(Short text fragments from websites)
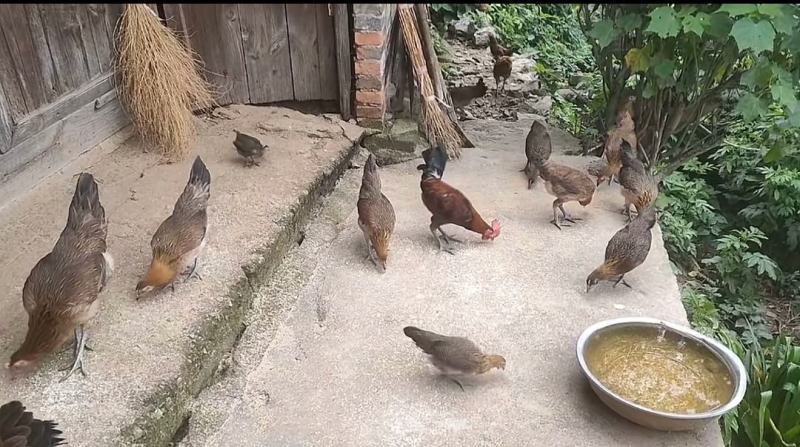 广西黑脚土鸡1-2年60元一斤，2-3年80一斤，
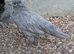 Chickens Pol available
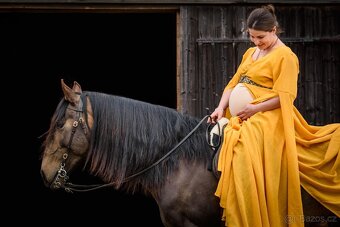 Exkluzivní Lusitano kobyla - 14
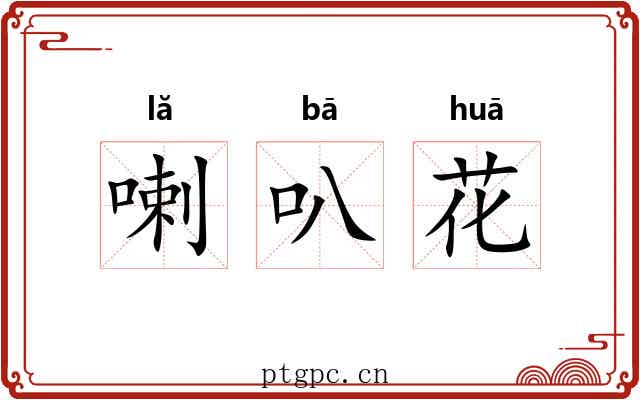 喇叭花 喇叭花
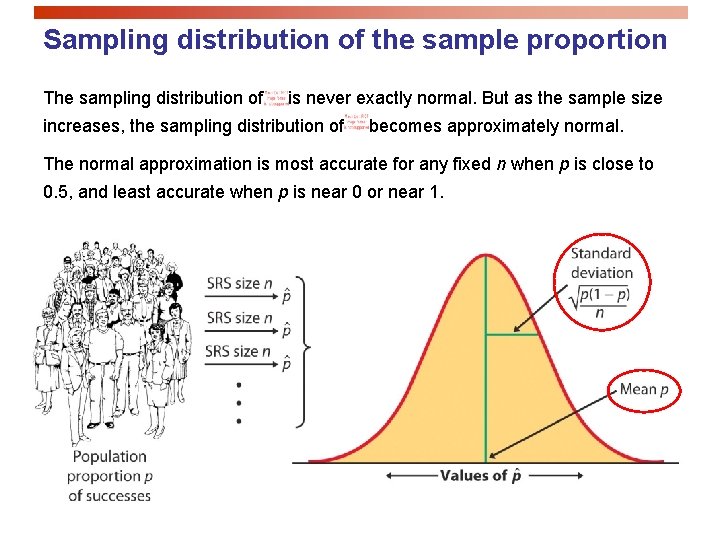 Sampling distribution of the sample proportion The sampling distribution of is never exactly normal.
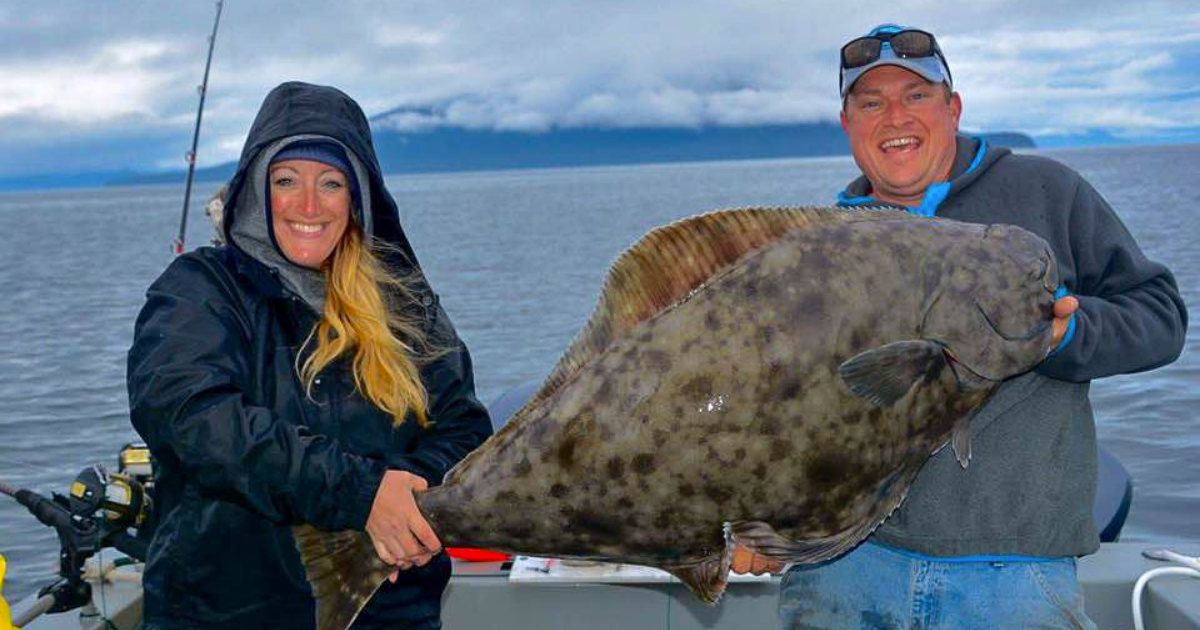 Alaskan Angler fishers catching an Alaskan halibut. 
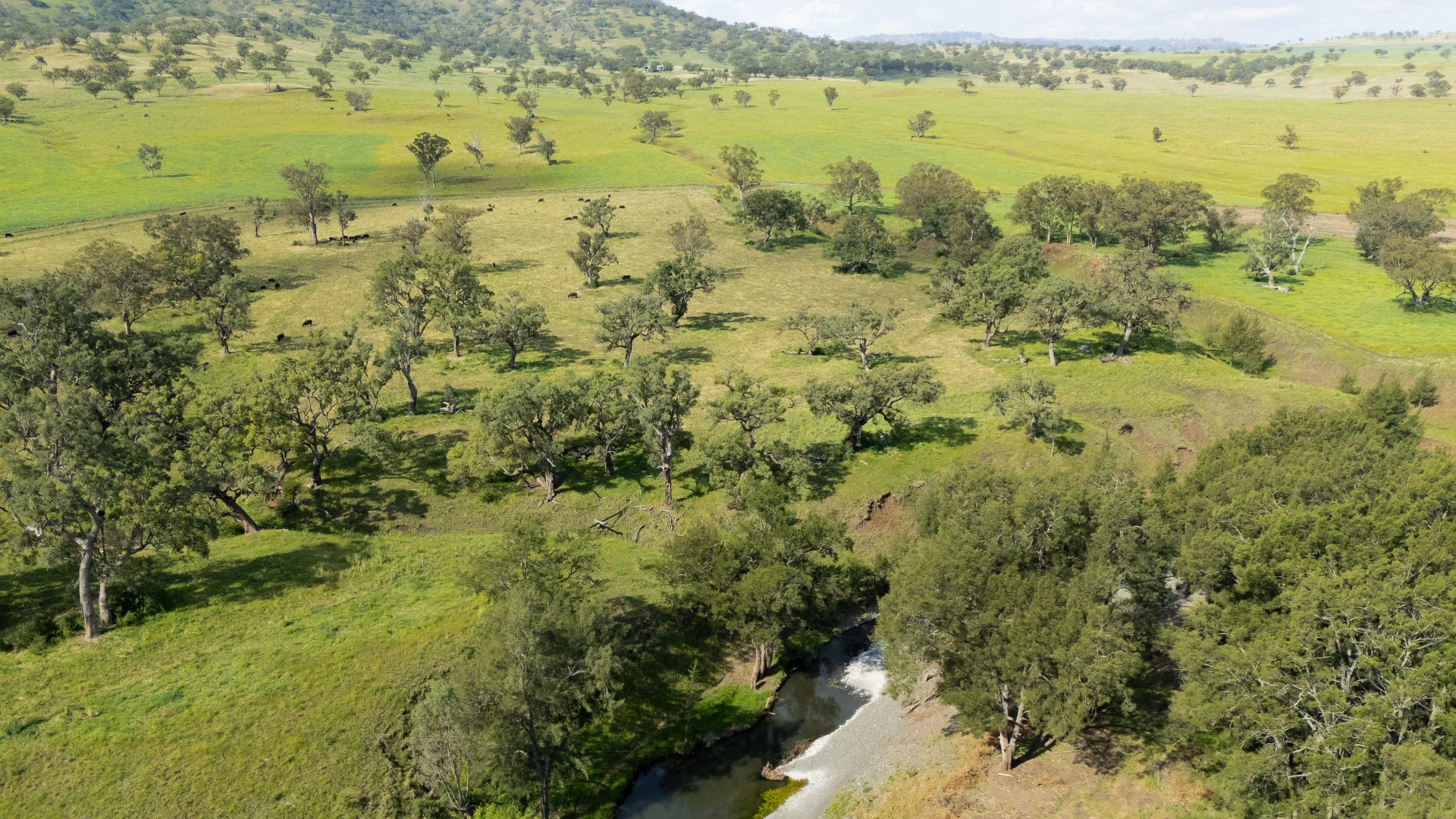 Additional image 30 of 'Kierahmee' 53 Tyrone Rd, Bunnan via, Scone NSW 2337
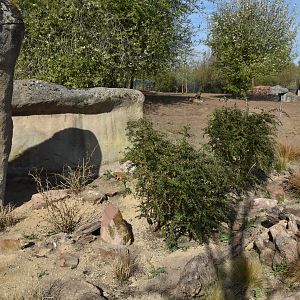 Yellow Mongoose and African Wild Dogs, Heart of Africa at Chester, 12th April 2025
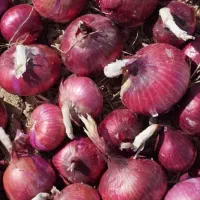 بذر پیاز قرمز درجه یک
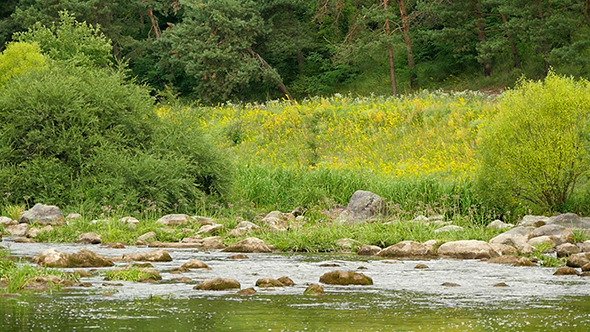Landscape Of The River With Stones And Plants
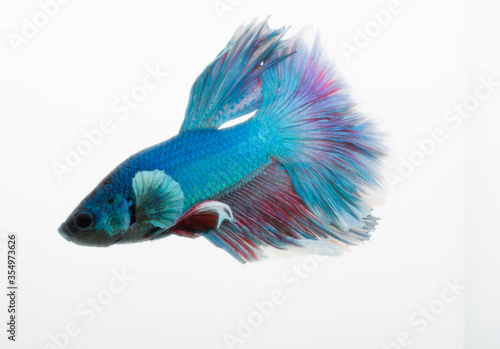 siamese fighting fish in white background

Task brief = Every record must be set down again exactly; pictures do not belong in the copy.

Solved exercise =
 广西黑脚土鸡1-2年60元一斤，2-3年80一斤，
 Chickens Pol available
 Exkluzivní Lusitano kobyla - 14
 喇叭花 喇叭花
 Sampling distribution of the sample proportion The sampling distribution of is never exactly normal.
 Alaskan Angler fishers catching an Alaskan halibut. 
 Additional image 30 of 'Kierahmee' 53 Tyrone Rd, Bunnan via, Scone NSW 2337
 Yellow Mongoose and African Wild Dogs, Heart of Africa at Chester, 12th April 2025
 بذر پیاز قرمز درجه یک
Landscape Of The River With Stones And Plants
 siamese fighting fish in white background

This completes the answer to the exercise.